After the corridor is deforested it ceases to be a federal property, and regional and local authorities would be able to sell and lease it, Mitvol said.

"It would be a nightmare if they built here," said Yury Lemish, 35, while out fetching spring water with his 3-year-old son, Ilya. "Of course we are against the construction. The infrastructure would ruin the environment.

"Everyone is against it. But, of course, no one listens to the people," said Lemish, who has lived his entire life on the edge of the forest.

This was not the first time Beketov had protested against the city government.

An April 2007 article in his paper decried the moving of graves of veterans of World War II.

In the story, he asked why Strelchenko was acting like a "bull in a china shop."

"It is time to realize that Khimki is not a garrison, and its residents are not soldiers," wrote Beketov.

Two months later Beketov's black Land Rover was burned in his driveway and, shortly after, his guard dog was killed.

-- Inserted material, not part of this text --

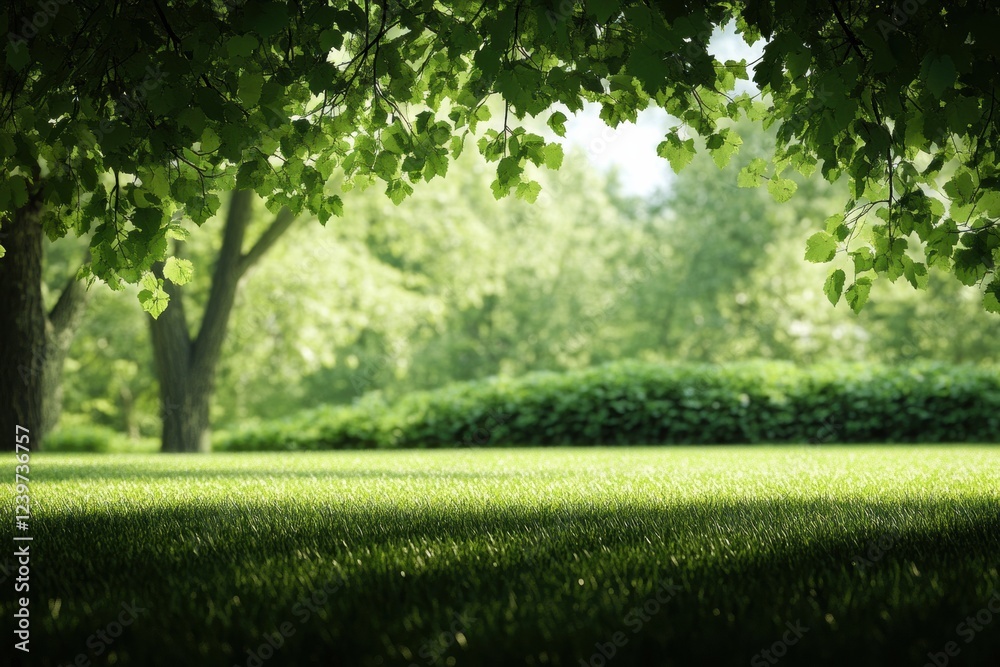 Poster lush green landscape under a canopy of leaves in a serene park during daylight hours. generative ai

In October, just weeks before he was assaulted, he accused the mayor of using a shady tender process to gain a loan to balance the city's budget from Vozrozhdeniye Bank, which is affiliated with the authorities. Although the bank agreed to the loan, the city ended up not taking it, bank spokeswoman Yulia Motovilova said.

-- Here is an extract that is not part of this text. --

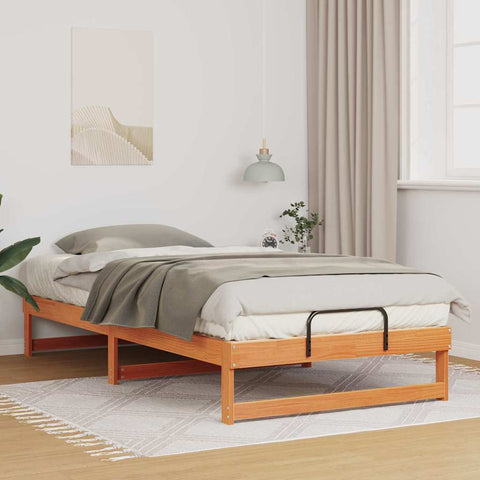 vidaXL Bed Frame with Carry Handles Brown Solid pine wood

Other local journalists have been targets of physical intimidation.

Anatoly Yurov, editor of Civil Consent, another local paper, has been assaulted by unidentified attackers three times in the past two years. In one attack he suffered 10 stab wounds, he told the Public Chamber on Tuesday.

Yurov said his paper "has expressed views different from those of the local authorities."

In 2006, Yury Granin, head of Civil Forum, a local nongovernmental organization, and Yury Slyusaryov, the organization's executive secretary who publishes a Khimki weekly under the same name, were also attacked, Granin said.

The newspaper was shut a year later, but this was not connected to the attacks, Granin said. He refused to elaborate.